I’m four days from my fortieth birthday, and thinking hard about what I’ve learned over the past four decades. Over the next four days, I’m going to write about the four lessons that were hardest for me to learn – these are not necessarily the most important, or the most valuable, or the most insightful. They were just goddamn hard to learn, and in fact I’m still struggling to get them right.
People who give advice usually believe that some particular experience has given them an authority that others might want to regard seriously. That isn’t the case with me: although I’ve had many instructive experiences, I don’t think my historical record is what makes me qualified to give advice, and I don’t think everyone should take my advice seriously.

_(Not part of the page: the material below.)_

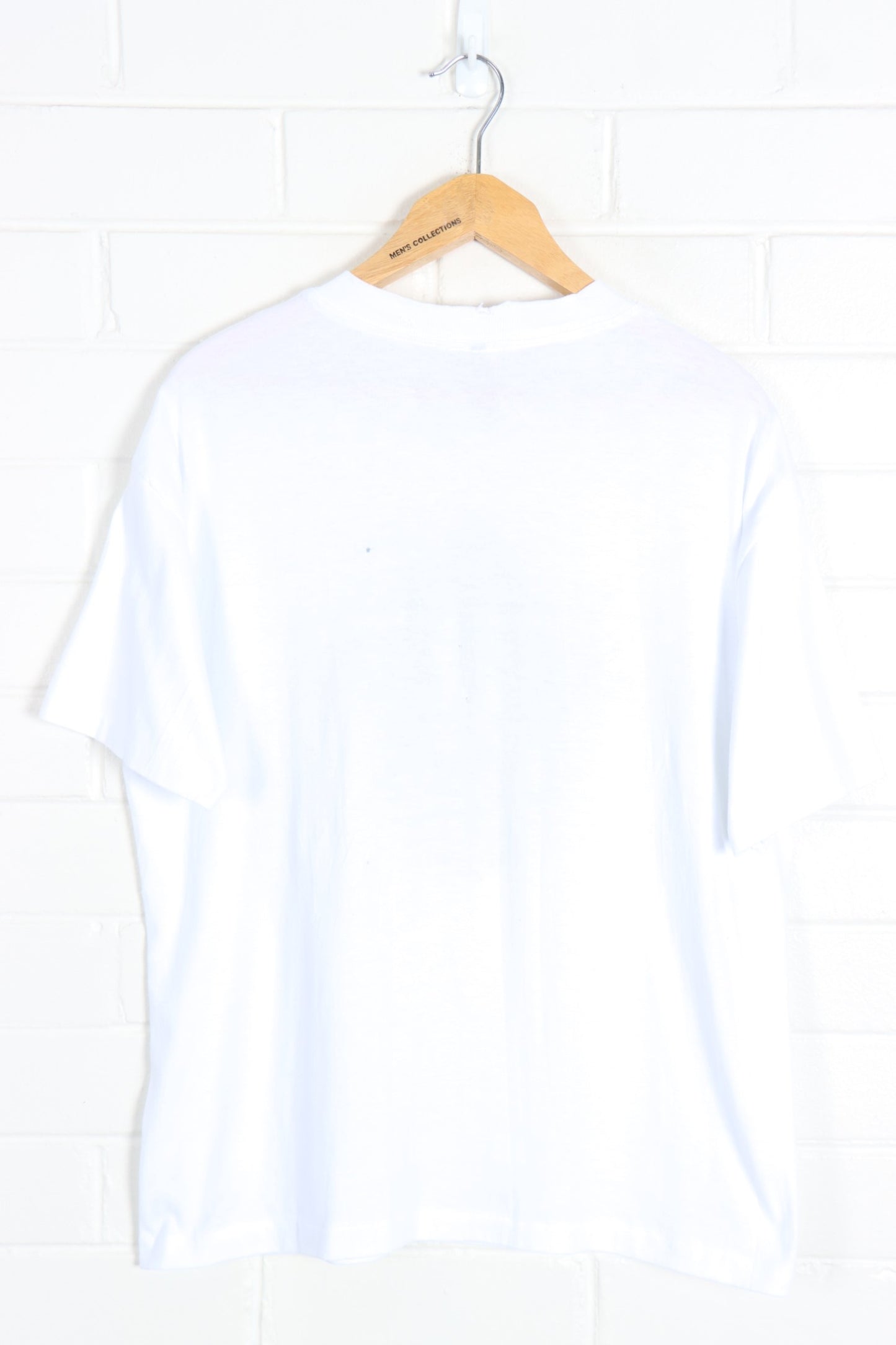Vintage 1988 Detroit Tigers MLB Single Stitch Baseball Tee (L) - Vintage Sole Melbourne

Instead, what makes me qualified to give advice is that I am spectacularly bad at taking it.
I’ve had the great good fortune of having many wise people tell me many wise things, and my usual practice is to squander that good fortune by refusing to take even the best advice at face value. Instead, I question, I doubt, I criticize, I experiment, I delve down dark alleyways of impulse and instinct – and in the end I painfully find that I should have listened to the wisdom of my betters.

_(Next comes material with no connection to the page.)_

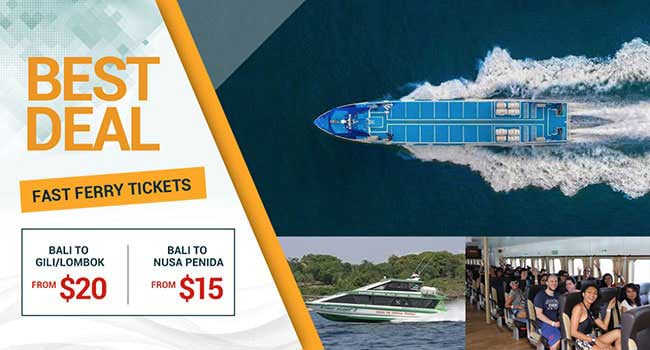 Fast Ferry Ticket Best Deal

The problem with wise advice is that you have to have wisdom to appreciate it beforehand. And if you had the requisite wisdom in the first place, you wouldn’t need the advice so badly. I never understand good advice until I’ve had the opportunity to fail to follow it. Only by living the bad consequences first-hand can I understand the underpinning that upholds solid wisdom.
Let’s hope that my misfortune is your bounty in these next four posts.